Martin Morf's positions include Co-Director of the Computer Architecture and Arithmetic Group at the Computer Systems Lab at Stanford University, and Principal or Co-Principal Investigator of over 12 funded grants from industry and government agencies such as DARPA, AFOSR, NRO, NSF. His academic positions include Associate Professor at Stanford University, and Full Professor of Computer Science at Yale and ETH Zurich. His experience in industry includes several technology startups in cell phones and consumer electronics, Xerox Parc, RCA, Chevron Research, Molecular Systems, NASA Ames Research Center, and IBM T.J. Watson Research Center.

Masahiro Fujita

Masahiro Fujita received his Ph.D. degree in Engineering from the University of Tokyo in 1985 and soon joined Fujitsu Laboratories Ltd. From 1993 to 2000, he was assigned to Fujitsu's US research office where he directed the CAD research group. In March 2000, he joined the department of Electronic Engineering in the University of Tokyo as a professor. He has written over 100 technical papers on all aspects of logic design CAD and received several awards from major Japanese scientific societies on his works in formal verification and logic synthesis. His Ph.D. thesis, written in early 1980's, was on model checking.

Robert J. Odell, Esq.

Mr. Odell was a founding executive of Bigfoot Interactive, Inc., where he was General Counsel, Vice President of Business Affairs and Corporate Secretary. While at Bigfoot, he was responsible for all corporate legal activities, including financing (bank and venture capital), joint ventures, mergers and acquisitions, contract negotiations, licensing, employee benefits and compensation, intellectual property, privacy, litigation and real estate.
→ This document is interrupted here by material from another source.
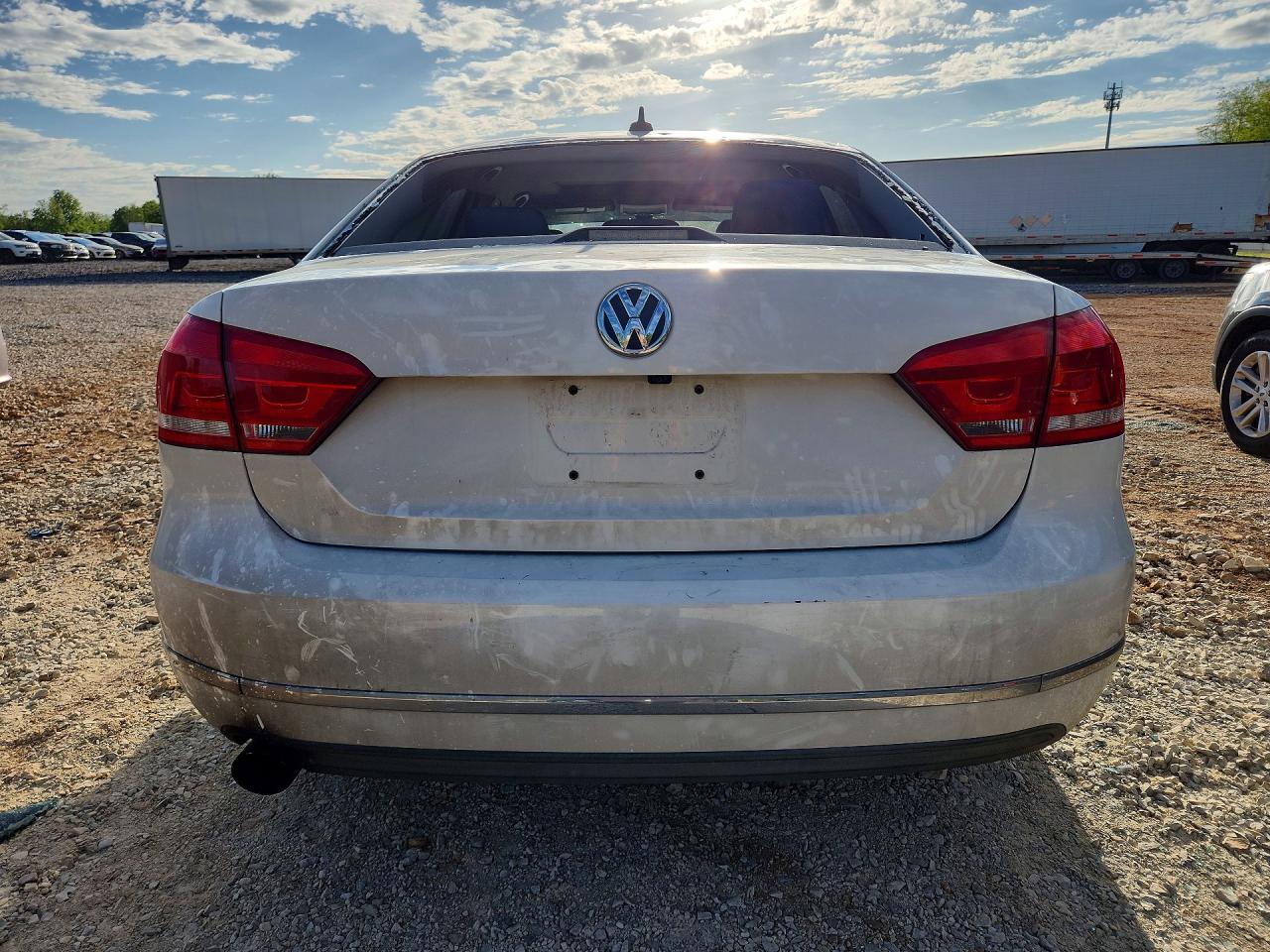 2013 Volkswagen Passat Sel Белый vin: 1VWCN7A30DC139563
Mr. Odell received his J.D. from the New York University School of Law and his B.A. magna cum laude from Cornell University.

Tony Sanguinetti

Tony Sanguinetti is Head of Sales for T-Systems in Italy. Prior to T-Systems, Tony was Partner Account Executive at Cisco Systems, responsible for over $100M in annual revenue. Before Cisco he held senior management positions with Marconi Communications and Simoco International. Tony brings a strong focus and experience in sales and relationship management with a keen interest in bridging the gap between large corporations and startups. On the academic side, Tony is Affiliate Professor of Management Control at ESCP-EAP, the European School of Management, which has been ranked consistently among the top 10 business schools in Europe.

Paul H J Kelly

Paul Kelly, Professor at Imperial College London, received his PhD in Computer Science from London University. He leads the Software Performance Optimization research group at Imperial College London. His research sponsors include IBM, Microsoft, Arup, Codeplay and The Foundry Visionmongers Ltd, as well as the EPSRC and EU. He has chaired the Software Track at the International Parallel and Distributed Processing (IPDPS), and has served on the Program Committees of the International Conference on Supercomputing, Compiler Construction, Euro-Par, and many other conferences and workshops. His joint work with David Pearce on field-sensitive intra- and inter-procedural pointer alias analysis was incorporated into the GNU Compiler Collection, GCC (release 4.1 and later).